◆ **ENTRIES SUPPLIED**
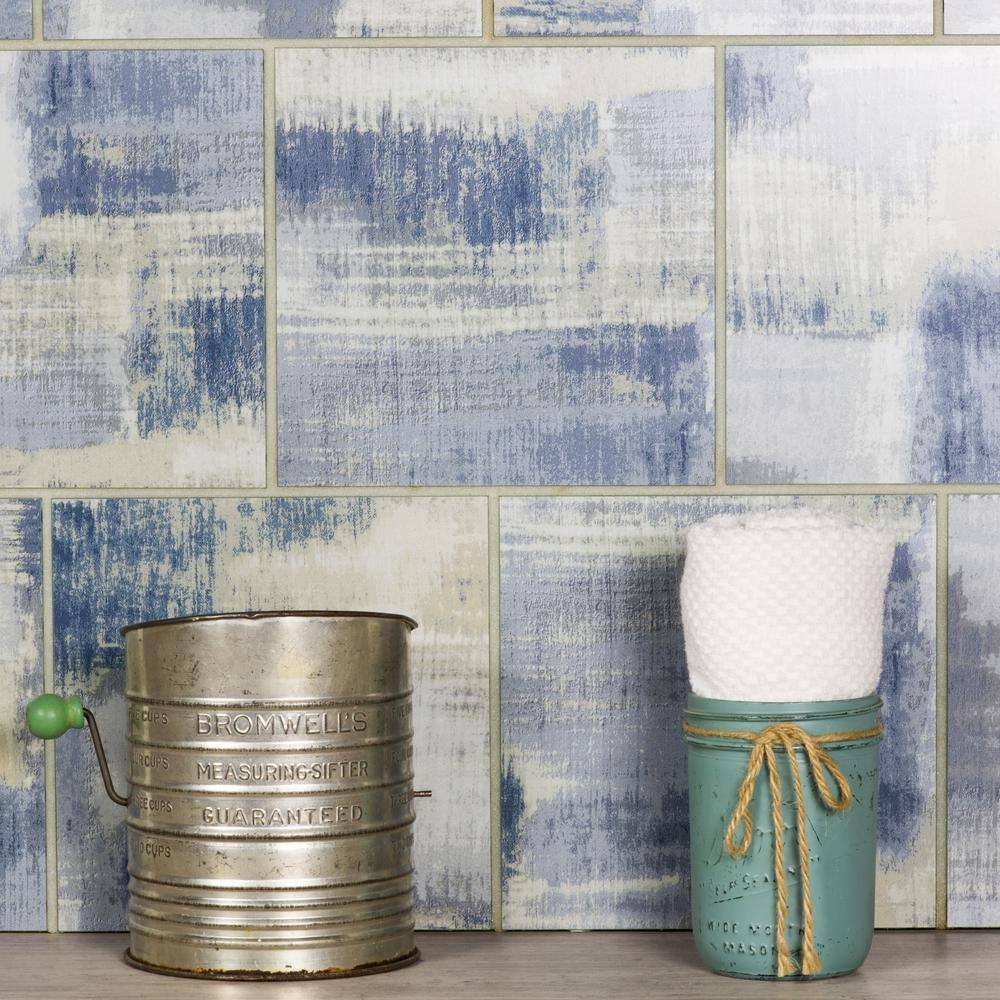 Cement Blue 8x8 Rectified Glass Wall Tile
...
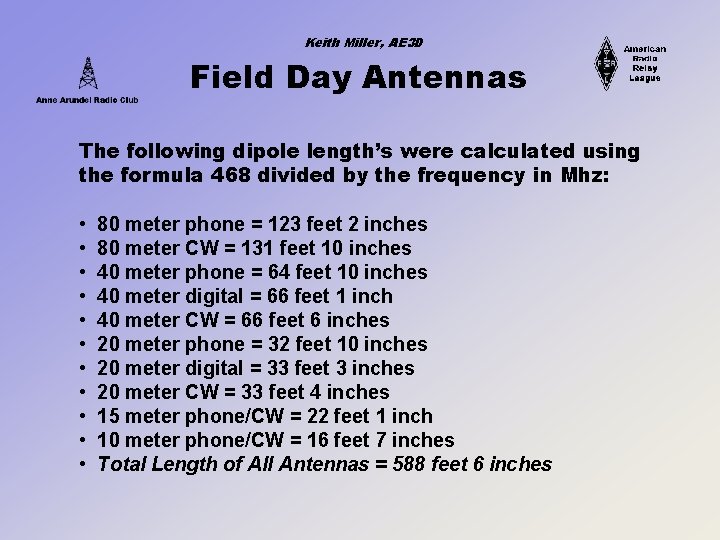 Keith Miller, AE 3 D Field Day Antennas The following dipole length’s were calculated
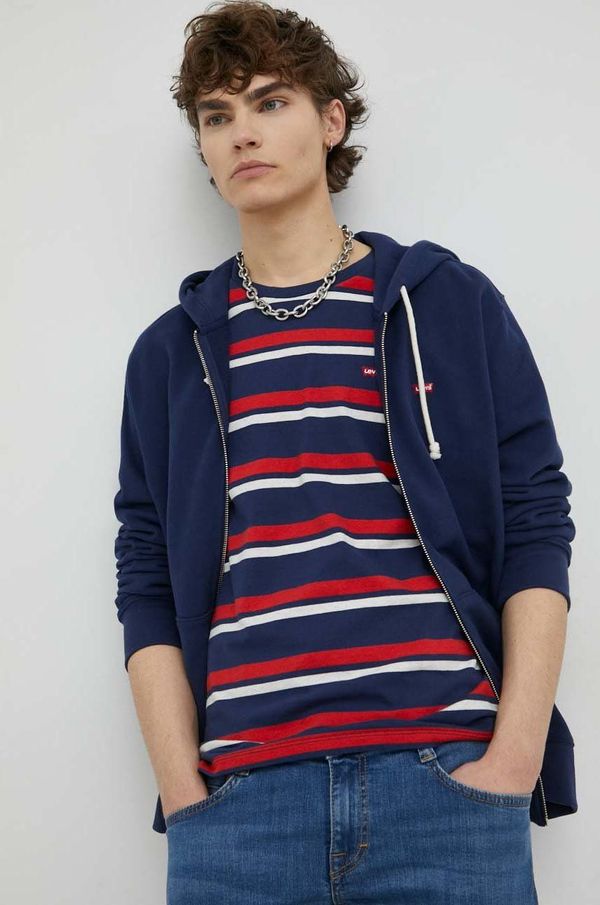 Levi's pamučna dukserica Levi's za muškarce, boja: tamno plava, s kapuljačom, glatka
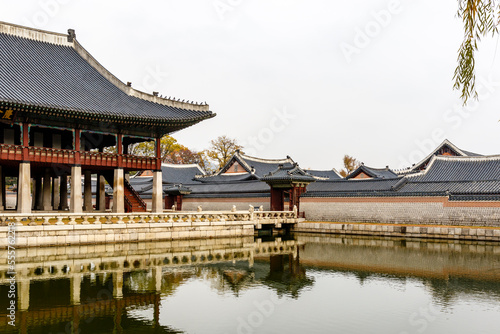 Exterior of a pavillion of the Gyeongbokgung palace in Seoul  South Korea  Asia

◆ **REQUIRED ACTION**
Print exactly the lines above that run from the one with "Levi's pamučna dukserica" to the one with "Exterior of a", both included. No pictures.

◆ **EXERCISE RESPONSE**
 Levi's pamučna dukserica Levi's za muškarce, boja: tamno plava, s kapuljačom, glatka
 Exterior of a pavillion of the Gyeongbokgung palace in Seoul  South Korea  Asia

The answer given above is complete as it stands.